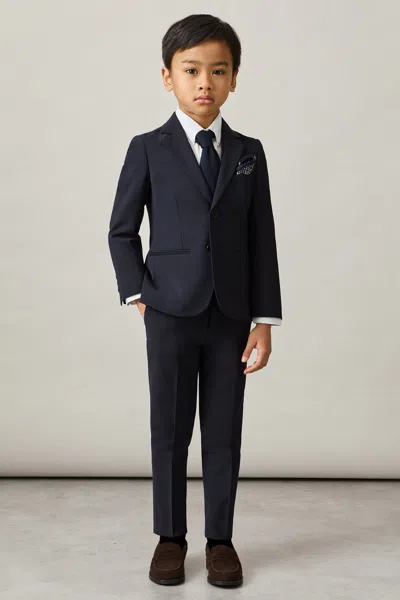 Reiss Navy Wool-blend Suit Trousers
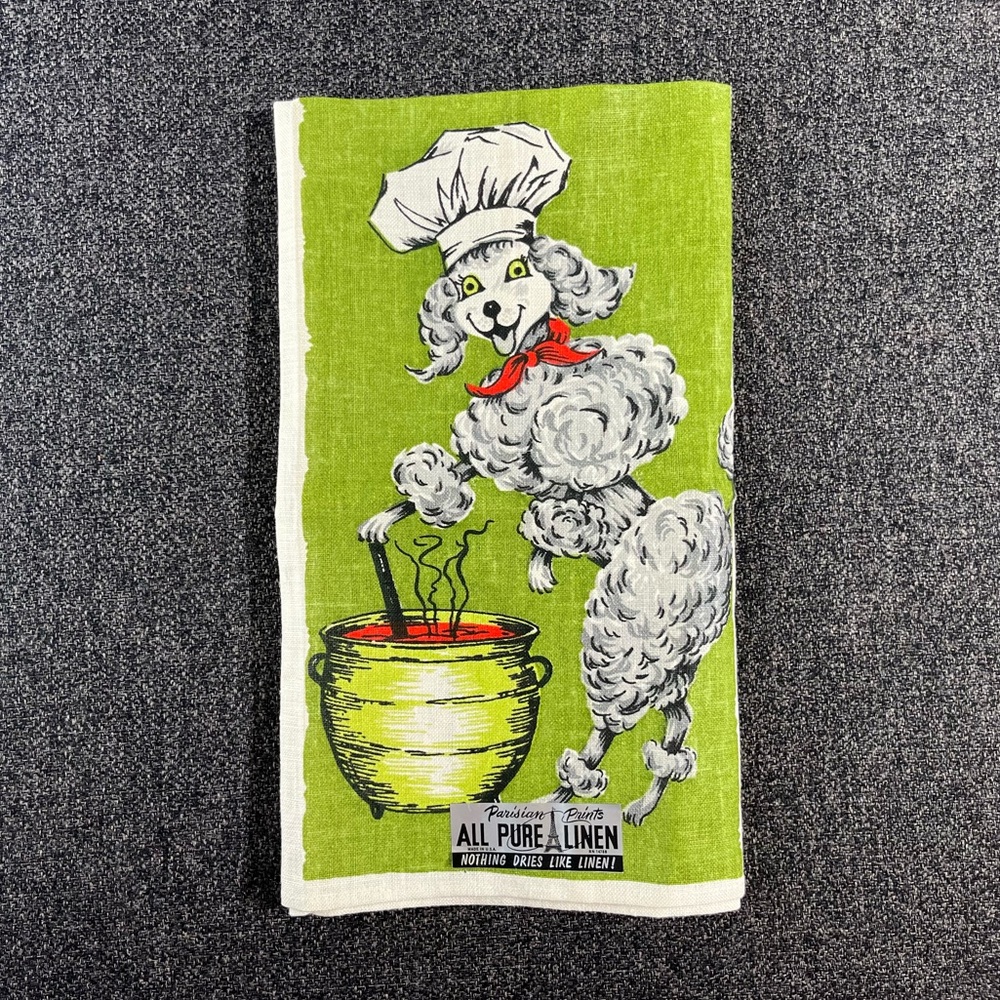 •Mid-Century Anthropomorphic Poodle Chef Linen Tea Towel NWT•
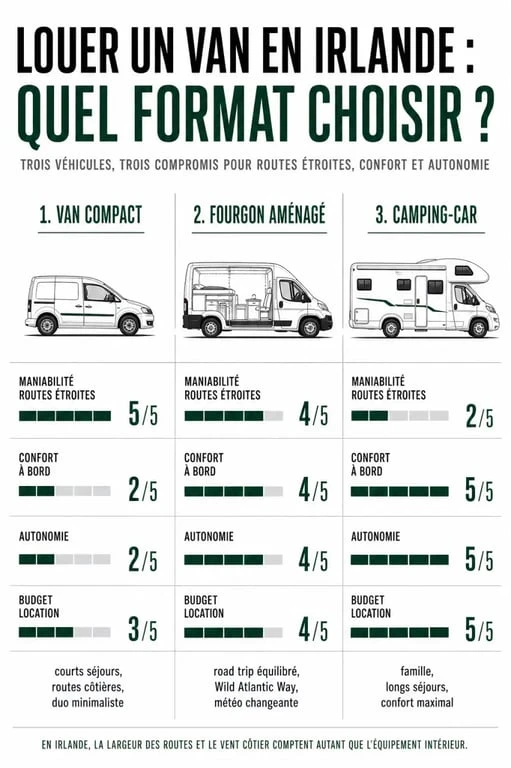 Location van aménagé irlande : infographie comparative des types de véhicules et critères de choix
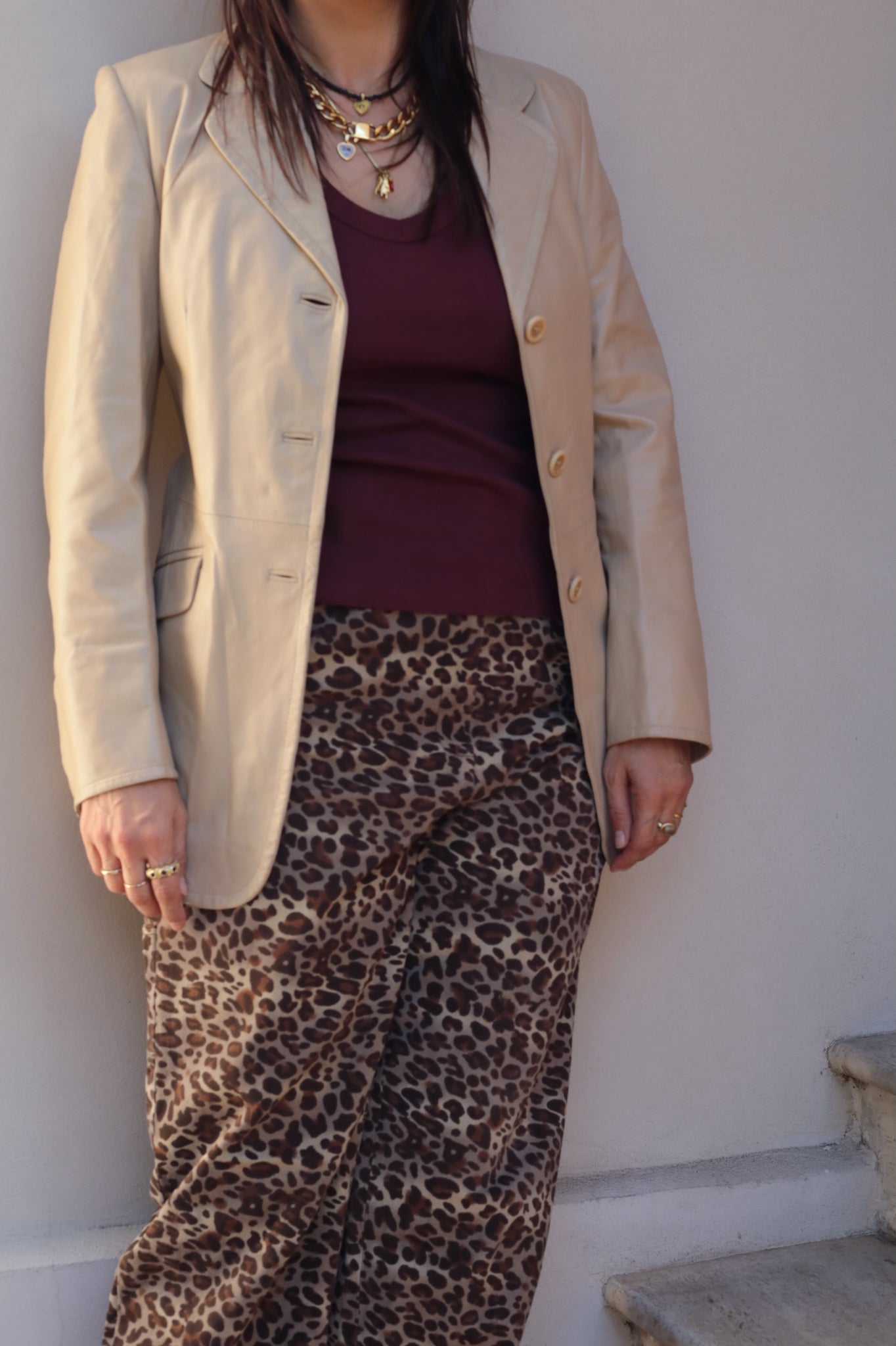 Vintage 90s Cream Leather Jacket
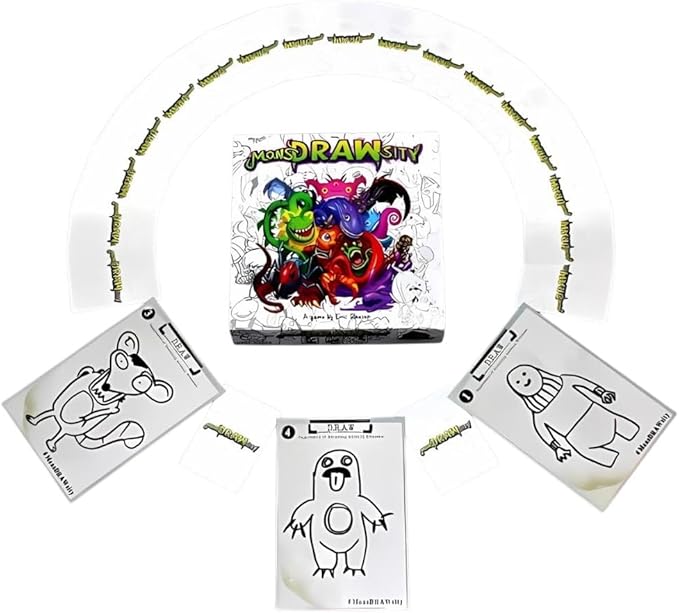 MonsDRAWsity Drawing Party Game Based on Verbal Description Take Turns Describing & Drawing a Bizarre Monster - Be The Player Whose Drawing Most Closely Matches 8+ 3-8 Players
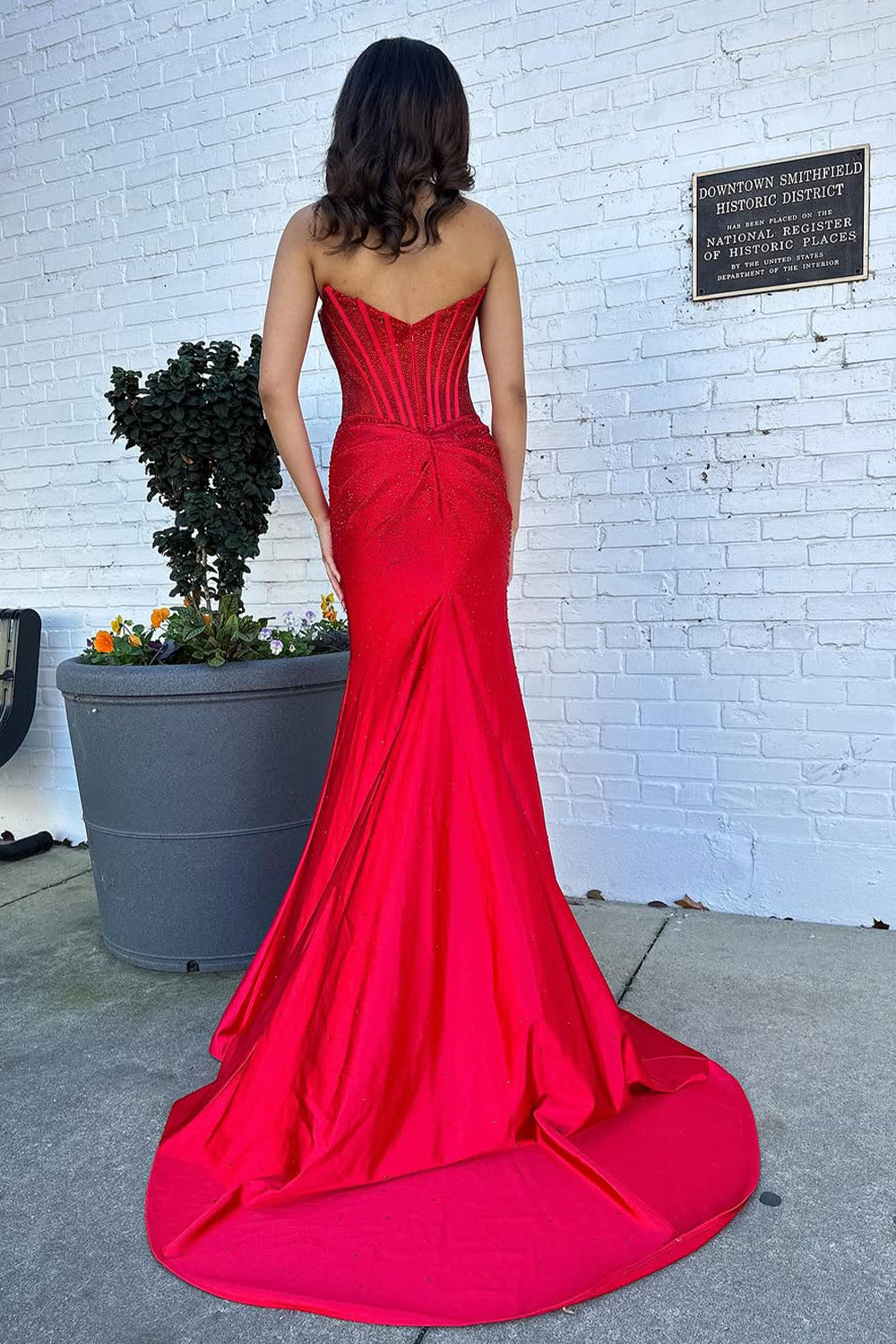 Blush Pink Corset Long Beaded Prom Dress with Rhinestone Details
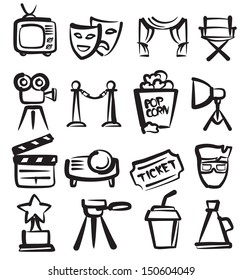 vector hand drawn film icons set on white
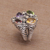 Gold accented multi-gemstone cocktail ring, 'Rainbow Palace' - Gold Accent Multi-Gemstone Cocktail Ring from Bali (image 2c) thumbail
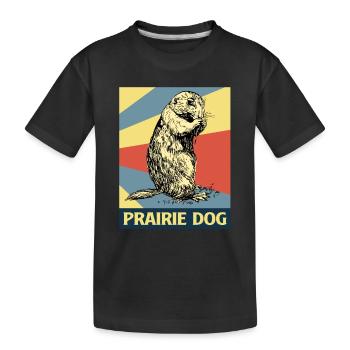 Écureuil de terre Prairies Marmottes Prairies rongeurs - T-shirt bio Premium Enfant - noir - Devant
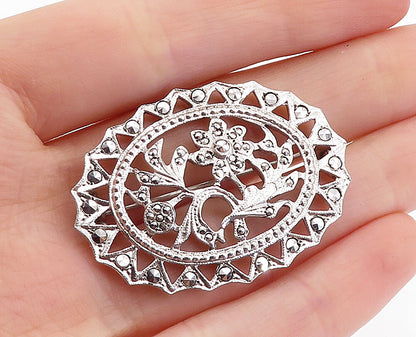925 Sterling Silver  Vintage Sparkling Floral Designed Oval Brooch Pin  BP2199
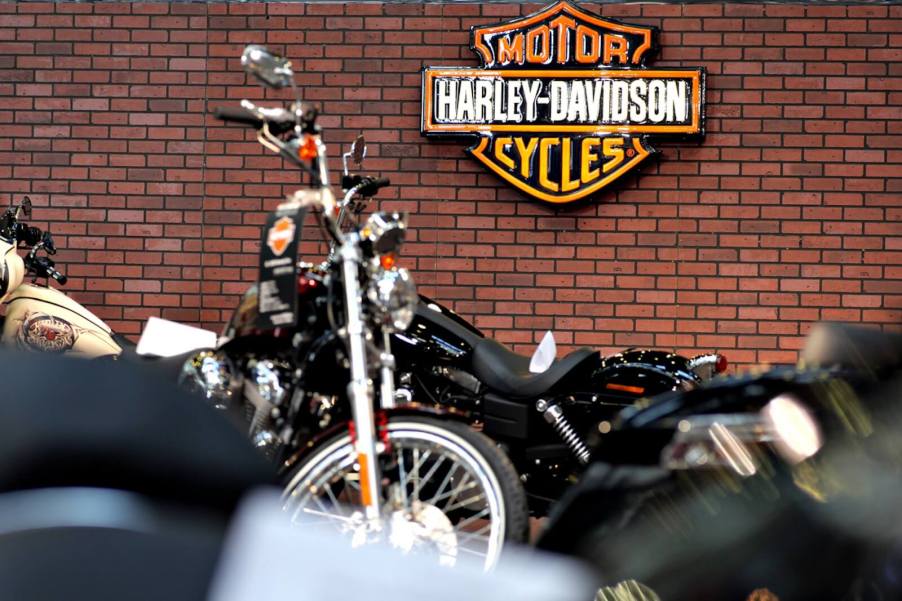 A Harley-Davidson Seventy-Two in a dealer.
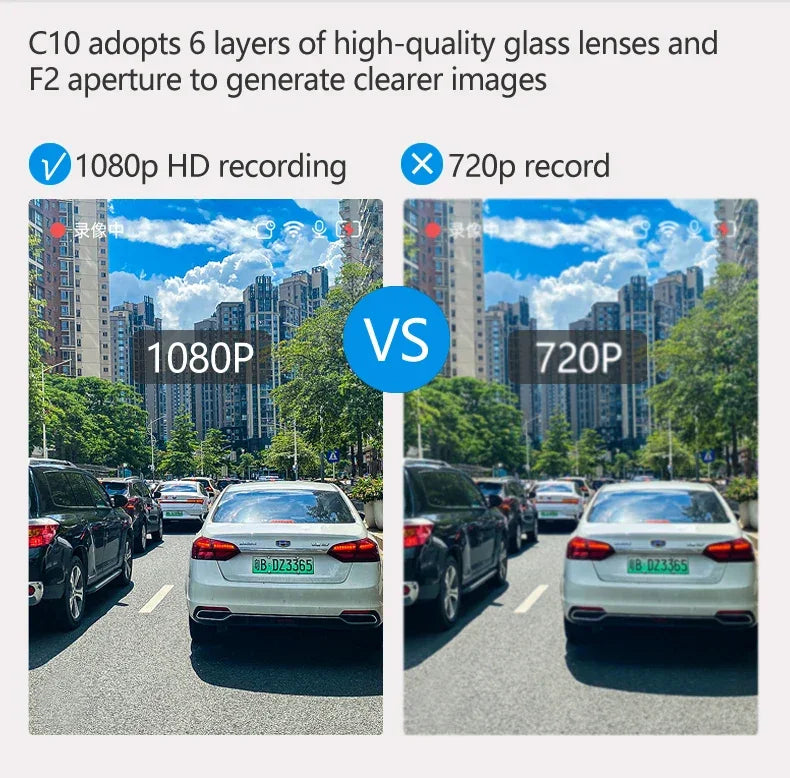 10 Inch Mirror Camera for Car Touch Screen Video Recorder Rearview Mirror Dash Cam Front and Rear Camera Mirror DVR Black Box - Evallys.com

* REQUIREMENT
From the line with "A Harley-Davidson Seventy-Two in a dealer." down to the final line of the entries above, repeat each line exactly; omit the pictures.

* RESPONSE AREA
 A Harley-Davidson Seventy-Two in a dealer.
 10 Inch Mirror Camera for Car Touch Screen Video Recorder Rearview Mirror Dash Cam Front and Rear Camera Mirror DVR Black Box - Evallys.com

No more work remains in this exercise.